What the task asks
Type out each record word for word. Pictures stay out.

(Stored data entries)
=====

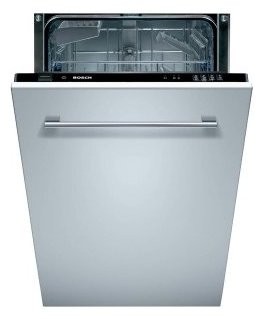 Посудомоечная машина Bosch SRV 43M10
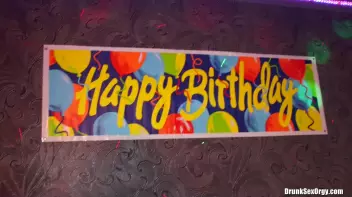 Bimbo Birthday Bash Part 5 - Cam 1 Screencap 14 on sinx.preview.netperv.com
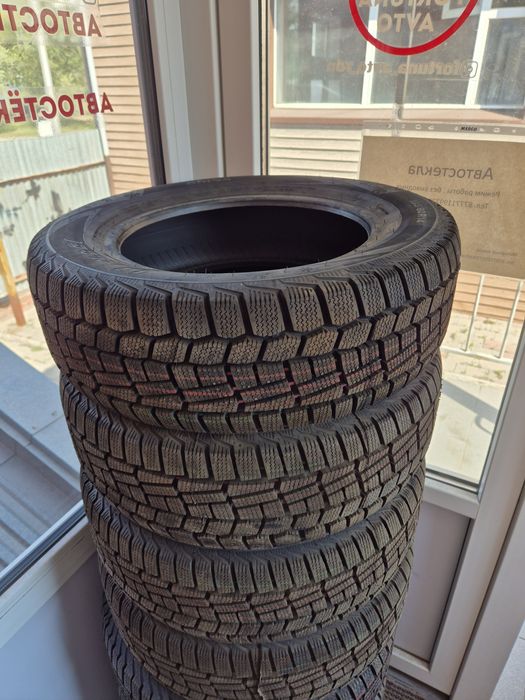 Балоны Лето   новые R14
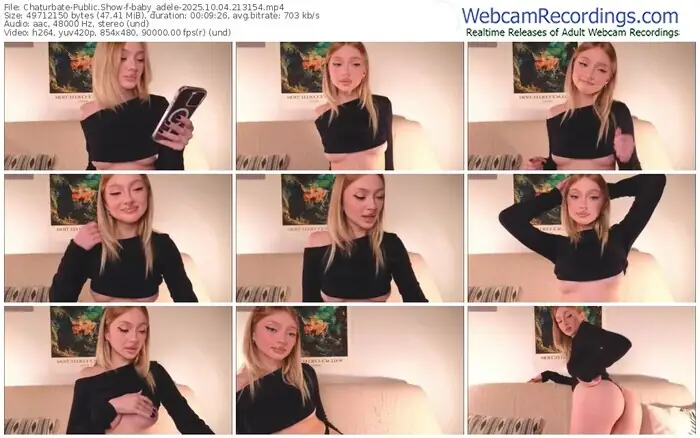 2025/10/04/chaturbate-baby_adele-21-31-54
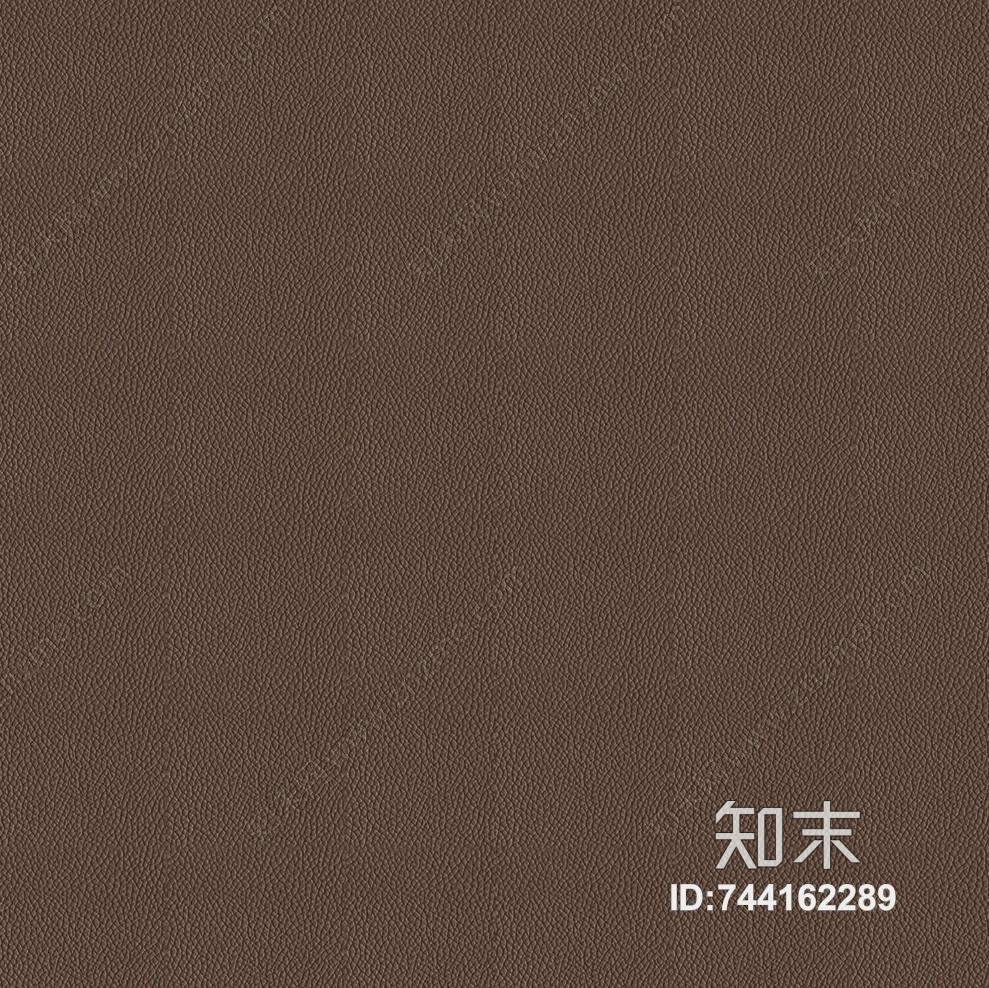棕色皮革贴图贴图下载【ID:744162289】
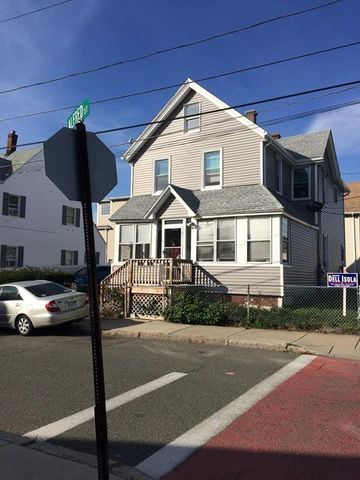 19 Alfred St, Everett, MA 02149-1824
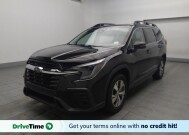2023 Subaru Ascent in Union City, GA 30291 - 18147845 1
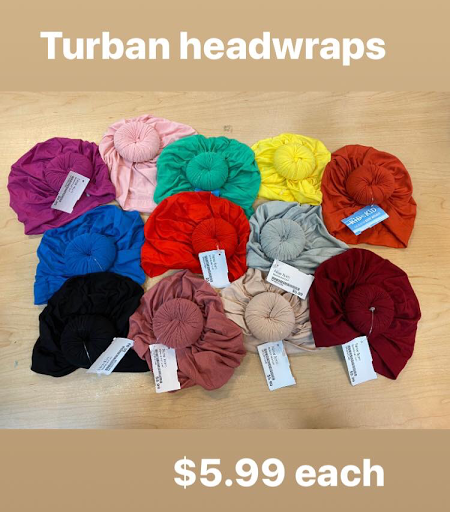 Consignment Shop «Kid to Kid», reviews and photos, 4940 E Ray Rd, Phoenix, AZ 85044, USA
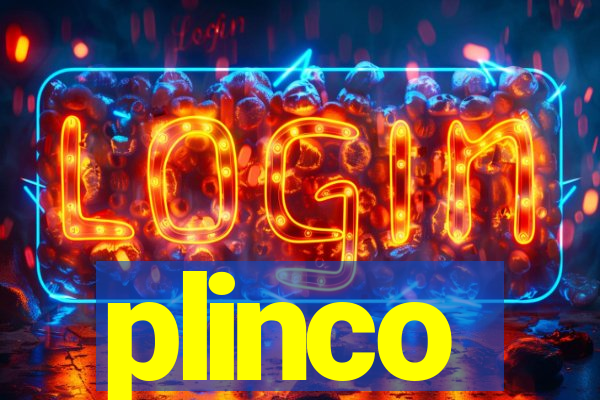 plinco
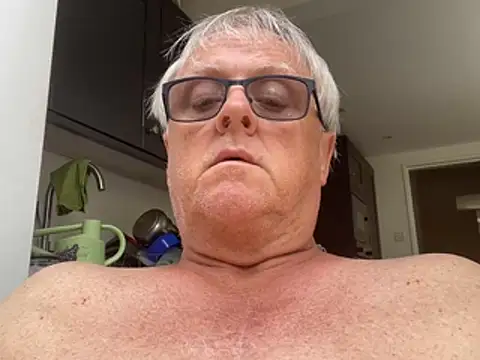 bigbadjon69 online show from 06-29-26, 11:43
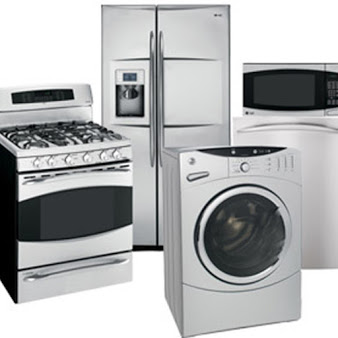 Image for Appliance Repair Brooklyn with ID of: 3772630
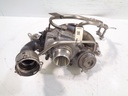 Turbocompresor Ford Fiesta VII MK7 Puma 1.0 EcoBoost BZJA
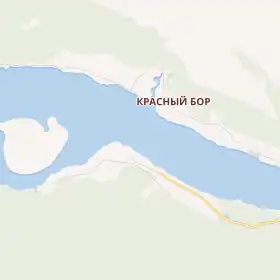 Карта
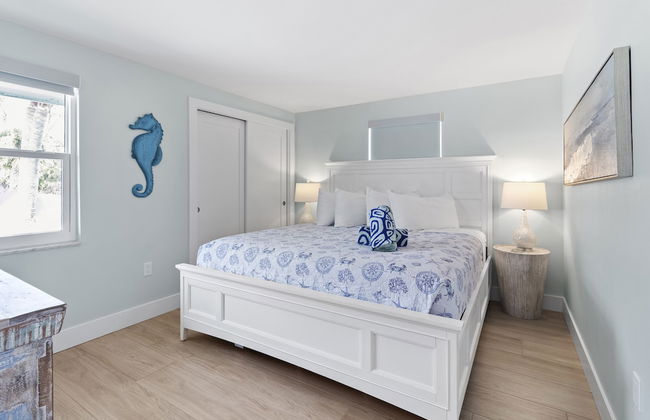 Siesta Key Island Rentals - Foto 32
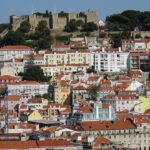 Enchanting Boutique Hotels in Lisbon: Exploring Portugal's Charming Capital

Enchanting Accommodations: Exploring Lisbon's Boutique Hotels in Portugal's Charming Capital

=====

Answer for this exercise
 Посудомоечная машина Bosch SRV 43M10
 Bimbo Birthday Bash Part 5 - Cam 1 Screencap 14 on sinx.preview.netperv.com
 Балоны Лето   новые R14
 2025/10/04/chaturbate-baby_adele-21-31-54
棕色皮革贴图贴图下载【ID:744162289】
 19 Alfred St, Everett, MA 02149-1824
2023 Subaru Ascent in Union City, GA 30291 - 18147845 1
 Consignment Shop «Kid to Kid», reviews and photos, 4940 E Ray Rd, Phoenix, AZ 85044, USA
 plinco
 bigbadjon69 online show from 06-29-26, 11:43
 Image for Appliance Repair Brooklyn with ID of: 3772630
 Turbocompresor Ford Fiesta VII MK7 Puma 1.0 EcoBoost BZJA
 Карта
 Siesta Key Island Rentals - Foto 32
 Enchanting Boutique Hotels in Lisbon: Exploring Portugal's Charming Capital

Enchanting Accommodations: Exploring Lisbon's Boutique Hotels in Portugal's Charming Capital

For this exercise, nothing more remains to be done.